### Supplied material
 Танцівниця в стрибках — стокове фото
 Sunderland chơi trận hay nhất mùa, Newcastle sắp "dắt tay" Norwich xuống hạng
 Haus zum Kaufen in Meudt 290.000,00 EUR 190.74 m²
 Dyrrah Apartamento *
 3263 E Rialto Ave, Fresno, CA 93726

...

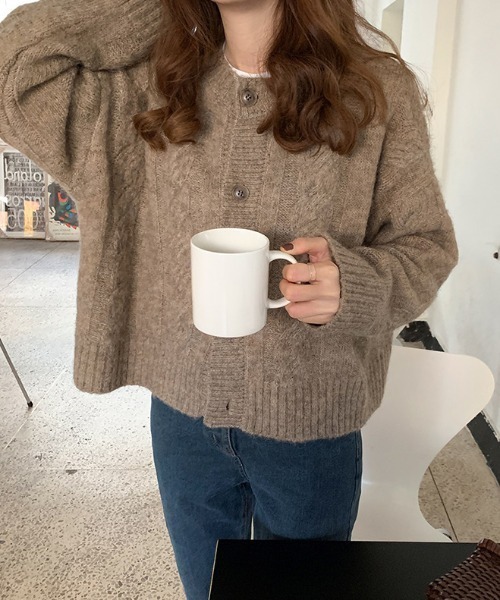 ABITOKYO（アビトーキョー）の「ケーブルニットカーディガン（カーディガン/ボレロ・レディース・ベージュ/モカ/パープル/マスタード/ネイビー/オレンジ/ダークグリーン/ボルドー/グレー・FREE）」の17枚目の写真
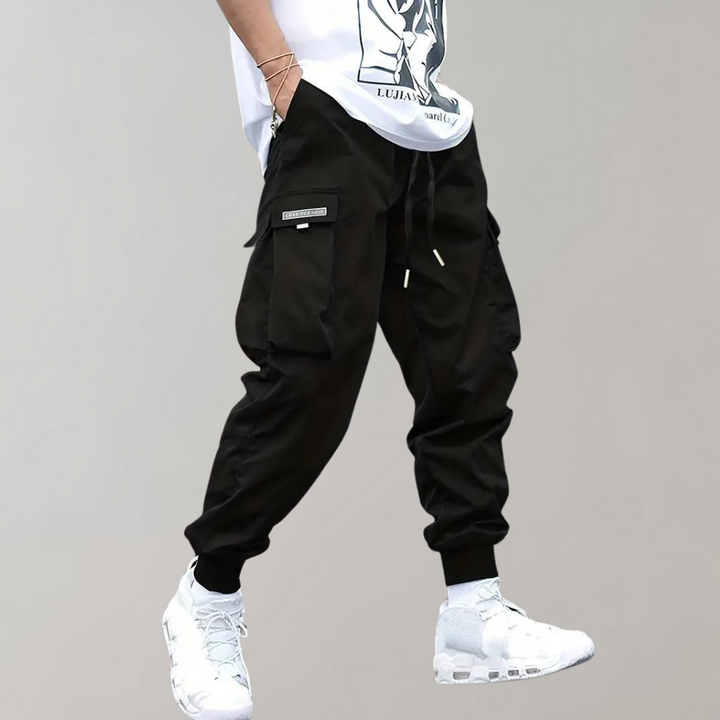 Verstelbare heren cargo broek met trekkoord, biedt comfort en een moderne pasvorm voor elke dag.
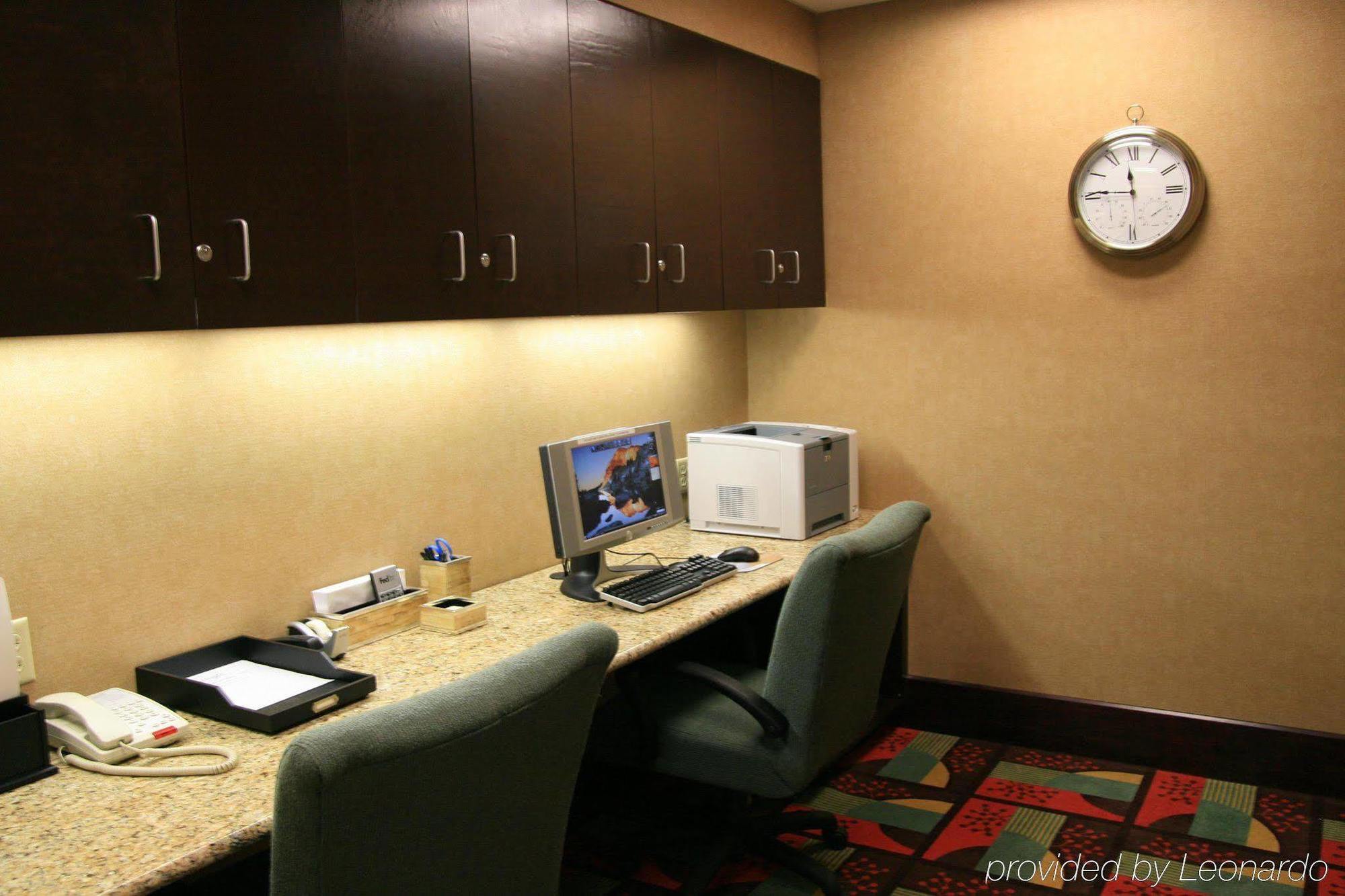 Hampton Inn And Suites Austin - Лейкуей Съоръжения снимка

### Task statement
Make an exact copy of the lines above, beginning with the line with "Verstelbare heren cargo" and ending with the line with "Hampton Inn And", and keep the pictures out of it.

### Your solution
 Verstelbare heren cargo broek met trekkoord, biedt comfort en een moderne pasvorm voor elke dag.
 Hampton Inn And Suites Austin - Лейкуей Съоръжения снимка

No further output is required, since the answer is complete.